**Task goal:** Return each line of the material below exactly. Begin at the first and end on the line with "Mobil BMW X5 2009".

**Listed entries:**
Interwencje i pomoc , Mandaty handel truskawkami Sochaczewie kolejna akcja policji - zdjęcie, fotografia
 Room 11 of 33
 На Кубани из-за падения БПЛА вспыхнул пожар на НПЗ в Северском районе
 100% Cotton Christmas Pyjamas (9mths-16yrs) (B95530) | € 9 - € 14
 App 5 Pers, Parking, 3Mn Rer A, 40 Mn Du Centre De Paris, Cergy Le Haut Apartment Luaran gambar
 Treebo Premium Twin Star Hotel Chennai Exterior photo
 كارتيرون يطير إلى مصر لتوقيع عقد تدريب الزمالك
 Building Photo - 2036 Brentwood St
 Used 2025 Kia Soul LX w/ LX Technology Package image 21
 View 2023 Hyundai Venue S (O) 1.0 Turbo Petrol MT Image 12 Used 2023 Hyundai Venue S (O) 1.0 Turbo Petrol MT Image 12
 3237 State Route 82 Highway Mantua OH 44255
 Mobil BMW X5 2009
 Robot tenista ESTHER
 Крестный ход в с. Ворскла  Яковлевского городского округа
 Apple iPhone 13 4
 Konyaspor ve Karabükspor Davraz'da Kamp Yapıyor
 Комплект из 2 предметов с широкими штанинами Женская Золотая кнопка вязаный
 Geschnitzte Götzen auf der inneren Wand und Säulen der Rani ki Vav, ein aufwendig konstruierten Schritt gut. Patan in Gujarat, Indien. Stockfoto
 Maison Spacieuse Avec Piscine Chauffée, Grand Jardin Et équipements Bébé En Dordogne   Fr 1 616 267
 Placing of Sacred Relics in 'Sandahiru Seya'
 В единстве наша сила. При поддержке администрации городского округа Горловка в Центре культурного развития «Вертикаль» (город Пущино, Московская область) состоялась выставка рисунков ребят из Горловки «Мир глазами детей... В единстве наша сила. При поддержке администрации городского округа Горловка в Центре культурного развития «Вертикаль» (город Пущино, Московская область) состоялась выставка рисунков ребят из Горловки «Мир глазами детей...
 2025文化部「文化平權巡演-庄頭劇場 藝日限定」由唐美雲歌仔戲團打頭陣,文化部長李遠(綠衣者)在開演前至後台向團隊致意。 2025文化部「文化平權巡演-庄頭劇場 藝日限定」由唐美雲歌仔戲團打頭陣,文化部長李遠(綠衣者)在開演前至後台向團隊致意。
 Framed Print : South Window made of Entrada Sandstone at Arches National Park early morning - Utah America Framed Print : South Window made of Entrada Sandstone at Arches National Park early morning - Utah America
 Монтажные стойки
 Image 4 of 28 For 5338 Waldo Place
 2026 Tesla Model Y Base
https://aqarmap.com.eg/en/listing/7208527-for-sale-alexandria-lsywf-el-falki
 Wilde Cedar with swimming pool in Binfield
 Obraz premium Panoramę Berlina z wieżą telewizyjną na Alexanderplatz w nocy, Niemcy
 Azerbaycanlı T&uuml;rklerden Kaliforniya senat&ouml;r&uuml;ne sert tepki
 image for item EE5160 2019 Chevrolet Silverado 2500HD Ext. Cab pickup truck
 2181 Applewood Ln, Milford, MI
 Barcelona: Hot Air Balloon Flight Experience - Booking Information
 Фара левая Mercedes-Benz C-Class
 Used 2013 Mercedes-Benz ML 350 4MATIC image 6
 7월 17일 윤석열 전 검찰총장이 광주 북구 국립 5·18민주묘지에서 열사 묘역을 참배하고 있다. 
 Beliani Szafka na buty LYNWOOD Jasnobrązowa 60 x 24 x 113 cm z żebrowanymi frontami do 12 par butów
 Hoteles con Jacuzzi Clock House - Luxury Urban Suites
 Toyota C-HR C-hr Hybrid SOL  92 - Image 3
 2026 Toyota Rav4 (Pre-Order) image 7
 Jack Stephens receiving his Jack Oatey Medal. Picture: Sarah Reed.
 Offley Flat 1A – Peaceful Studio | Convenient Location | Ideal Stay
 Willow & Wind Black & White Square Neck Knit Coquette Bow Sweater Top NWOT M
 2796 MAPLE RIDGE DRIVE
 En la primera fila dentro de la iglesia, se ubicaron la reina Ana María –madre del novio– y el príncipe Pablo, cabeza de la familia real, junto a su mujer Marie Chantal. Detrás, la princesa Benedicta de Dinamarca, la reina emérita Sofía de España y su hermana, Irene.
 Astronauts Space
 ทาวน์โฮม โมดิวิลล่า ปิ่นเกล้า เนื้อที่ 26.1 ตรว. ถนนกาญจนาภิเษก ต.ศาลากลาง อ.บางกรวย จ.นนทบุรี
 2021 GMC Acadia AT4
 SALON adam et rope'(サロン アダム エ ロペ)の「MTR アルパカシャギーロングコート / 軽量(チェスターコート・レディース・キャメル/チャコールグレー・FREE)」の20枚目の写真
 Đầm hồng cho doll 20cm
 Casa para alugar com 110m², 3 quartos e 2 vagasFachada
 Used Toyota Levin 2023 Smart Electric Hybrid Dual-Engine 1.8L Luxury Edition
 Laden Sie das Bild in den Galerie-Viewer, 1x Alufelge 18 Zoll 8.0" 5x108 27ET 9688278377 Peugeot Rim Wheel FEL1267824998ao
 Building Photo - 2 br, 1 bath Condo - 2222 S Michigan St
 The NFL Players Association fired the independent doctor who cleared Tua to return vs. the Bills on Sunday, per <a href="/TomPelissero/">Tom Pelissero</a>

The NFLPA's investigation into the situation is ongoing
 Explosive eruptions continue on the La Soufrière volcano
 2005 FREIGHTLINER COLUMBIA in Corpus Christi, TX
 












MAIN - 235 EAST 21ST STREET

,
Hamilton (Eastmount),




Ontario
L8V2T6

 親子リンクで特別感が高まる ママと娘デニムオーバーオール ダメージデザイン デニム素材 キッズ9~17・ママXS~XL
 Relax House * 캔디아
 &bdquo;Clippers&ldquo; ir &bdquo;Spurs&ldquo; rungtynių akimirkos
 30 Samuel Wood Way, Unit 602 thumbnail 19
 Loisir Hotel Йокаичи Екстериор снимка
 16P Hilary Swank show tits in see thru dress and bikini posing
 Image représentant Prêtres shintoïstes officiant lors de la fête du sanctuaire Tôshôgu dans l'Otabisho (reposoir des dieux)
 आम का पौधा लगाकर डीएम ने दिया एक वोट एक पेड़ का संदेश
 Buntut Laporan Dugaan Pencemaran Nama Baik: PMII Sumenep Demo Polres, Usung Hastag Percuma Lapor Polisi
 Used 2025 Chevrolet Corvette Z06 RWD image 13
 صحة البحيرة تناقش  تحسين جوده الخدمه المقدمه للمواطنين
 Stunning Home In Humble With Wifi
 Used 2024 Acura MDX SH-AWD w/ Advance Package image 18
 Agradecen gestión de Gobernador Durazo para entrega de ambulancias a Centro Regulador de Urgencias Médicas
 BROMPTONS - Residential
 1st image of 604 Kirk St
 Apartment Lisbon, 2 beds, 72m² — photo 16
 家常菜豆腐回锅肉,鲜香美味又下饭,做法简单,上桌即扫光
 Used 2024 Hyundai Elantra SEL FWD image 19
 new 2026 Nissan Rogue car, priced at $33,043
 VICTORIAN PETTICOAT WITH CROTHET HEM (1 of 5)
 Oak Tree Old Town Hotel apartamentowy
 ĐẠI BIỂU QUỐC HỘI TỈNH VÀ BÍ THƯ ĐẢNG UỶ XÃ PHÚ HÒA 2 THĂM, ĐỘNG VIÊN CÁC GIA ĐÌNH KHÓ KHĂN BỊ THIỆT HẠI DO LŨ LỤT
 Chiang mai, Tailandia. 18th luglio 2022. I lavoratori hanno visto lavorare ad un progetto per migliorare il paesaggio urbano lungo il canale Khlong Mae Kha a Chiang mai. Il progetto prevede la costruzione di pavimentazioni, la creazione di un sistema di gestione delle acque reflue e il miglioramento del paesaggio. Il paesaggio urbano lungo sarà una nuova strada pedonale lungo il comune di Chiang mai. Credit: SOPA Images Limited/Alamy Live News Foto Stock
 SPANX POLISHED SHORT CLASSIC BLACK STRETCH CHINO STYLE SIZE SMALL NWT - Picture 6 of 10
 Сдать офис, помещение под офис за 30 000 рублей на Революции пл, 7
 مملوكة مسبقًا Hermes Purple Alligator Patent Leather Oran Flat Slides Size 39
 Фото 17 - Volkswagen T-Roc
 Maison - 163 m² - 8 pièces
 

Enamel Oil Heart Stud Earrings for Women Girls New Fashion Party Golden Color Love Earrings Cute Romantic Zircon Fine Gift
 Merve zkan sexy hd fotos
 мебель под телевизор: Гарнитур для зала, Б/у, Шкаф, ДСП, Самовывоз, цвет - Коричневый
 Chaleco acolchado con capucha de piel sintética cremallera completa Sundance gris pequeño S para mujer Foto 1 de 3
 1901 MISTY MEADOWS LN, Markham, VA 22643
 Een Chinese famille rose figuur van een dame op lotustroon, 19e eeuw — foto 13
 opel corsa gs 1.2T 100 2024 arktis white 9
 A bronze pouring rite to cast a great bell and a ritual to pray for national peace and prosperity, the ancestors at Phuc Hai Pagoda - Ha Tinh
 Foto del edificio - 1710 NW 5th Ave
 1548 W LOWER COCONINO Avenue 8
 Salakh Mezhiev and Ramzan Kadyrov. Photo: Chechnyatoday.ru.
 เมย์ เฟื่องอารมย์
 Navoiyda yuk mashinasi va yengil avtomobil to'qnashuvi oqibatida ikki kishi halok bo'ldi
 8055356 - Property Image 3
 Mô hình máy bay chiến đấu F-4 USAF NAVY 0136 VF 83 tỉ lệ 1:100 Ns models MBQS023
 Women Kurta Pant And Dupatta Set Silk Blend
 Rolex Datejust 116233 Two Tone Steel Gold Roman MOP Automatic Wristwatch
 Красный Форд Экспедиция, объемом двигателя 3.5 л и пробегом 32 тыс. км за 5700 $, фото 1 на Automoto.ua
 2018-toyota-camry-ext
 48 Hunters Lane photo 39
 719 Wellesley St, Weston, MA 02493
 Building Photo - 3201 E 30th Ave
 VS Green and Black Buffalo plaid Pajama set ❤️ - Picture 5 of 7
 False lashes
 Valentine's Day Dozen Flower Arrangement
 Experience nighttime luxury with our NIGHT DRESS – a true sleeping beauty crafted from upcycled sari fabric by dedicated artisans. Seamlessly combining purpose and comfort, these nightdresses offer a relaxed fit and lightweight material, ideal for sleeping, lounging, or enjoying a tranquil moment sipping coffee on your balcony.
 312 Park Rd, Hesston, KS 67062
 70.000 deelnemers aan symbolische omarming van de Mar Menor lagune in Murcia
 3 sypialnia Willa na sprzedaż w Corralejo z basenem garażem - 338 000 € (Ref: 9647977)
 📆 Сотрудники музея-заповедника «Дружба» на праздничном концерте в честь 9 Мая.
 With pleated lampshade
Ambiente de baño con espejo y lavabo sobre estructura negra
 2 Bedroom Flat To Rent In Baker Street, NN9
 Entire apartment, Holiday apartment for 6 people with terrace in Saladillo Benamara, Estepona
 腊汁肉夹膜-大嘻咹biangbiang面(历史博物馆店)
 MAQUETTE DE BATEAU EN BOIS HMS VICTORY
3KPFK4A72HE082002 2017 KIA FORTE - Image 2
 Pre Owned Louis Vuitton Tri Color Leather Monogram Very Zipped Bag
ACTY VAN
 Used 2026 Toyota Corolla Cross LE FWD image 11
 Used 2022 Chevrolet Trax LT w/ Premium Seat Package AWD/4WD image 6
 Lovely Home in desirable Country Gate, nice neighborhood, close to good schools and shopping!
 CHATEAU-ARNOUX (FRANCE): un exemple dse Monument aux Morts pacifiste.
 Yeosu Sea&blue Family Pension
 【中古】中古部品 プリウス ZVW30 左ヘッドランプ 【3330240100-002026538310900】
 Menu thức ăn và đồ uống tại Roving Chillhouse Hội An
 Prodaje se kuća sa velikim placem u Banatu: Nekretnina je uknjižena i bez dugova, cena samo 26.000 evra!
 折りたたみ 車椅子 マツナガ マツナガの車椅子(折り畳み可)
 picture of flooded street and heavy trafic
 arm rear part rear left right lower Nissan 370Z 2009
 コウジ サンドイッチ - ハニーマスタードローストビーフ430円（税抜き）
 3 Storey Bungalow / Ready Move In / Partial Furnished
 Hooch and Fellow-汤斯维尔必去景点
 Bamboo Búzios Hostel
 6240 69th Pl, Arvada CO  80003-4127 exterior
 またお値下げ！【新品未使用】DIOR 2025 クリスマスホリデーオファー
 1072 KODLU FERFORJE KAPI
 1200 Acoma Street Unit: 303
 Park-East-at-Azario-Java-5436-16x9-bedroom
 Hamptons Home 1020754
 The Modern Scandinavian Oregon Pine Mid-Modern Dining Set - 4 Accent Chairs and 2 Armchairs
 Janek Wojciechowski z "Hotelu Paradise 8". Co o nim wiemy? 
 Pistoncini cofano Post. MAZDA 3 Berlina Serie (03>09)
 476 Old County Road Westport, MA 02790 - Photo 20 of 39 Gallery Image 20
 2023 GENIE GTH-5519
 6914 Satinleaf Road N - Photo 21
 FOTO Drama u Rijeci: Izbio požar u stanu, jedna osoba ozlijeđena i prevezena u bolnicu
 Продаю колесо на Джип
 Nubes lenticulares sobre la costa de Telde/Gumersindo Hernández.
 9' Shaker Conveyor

**Solution for this problem:**
Interwencje i pomoc , Mandaty handel truskawkami Sochaczewie kolejna akcja policji - zdjęcie, fotografia
 Room 11 of 33
 На Кубани из-за падения БПЛА вспыхнул пожар на НПЗ в Северском районе
 100% Cotton Christmas Pyjamas (9mths-16yrs) (B95530) | € 9 - € 14
 App 5 Pers, Parking, 3Mn Rer A, 40 Mn Du Centre De Paris, Cergy Le Haut Apartment Luaran gambar
 Treebo Premium Twin Star Hotel Chennai Exterior photo
 كارتيرون يطير إلى مصر لتوقيع عقد تدريب الزمالك
 Building Photo - 2036 Brentwood St
 Used 2025 Kia Soul LX w/ LX Technology Package image 21
 View 2023 Hyundai Venue S (O) 1.0 Turbo Petrol MT Image 12 Used 2023 Hyundai Venue S (O) 1.0 Turbo Petrol MT Image 12
 3237 State Route 82 Highway Mantua OH 44255
 Mobil BMW X5 2009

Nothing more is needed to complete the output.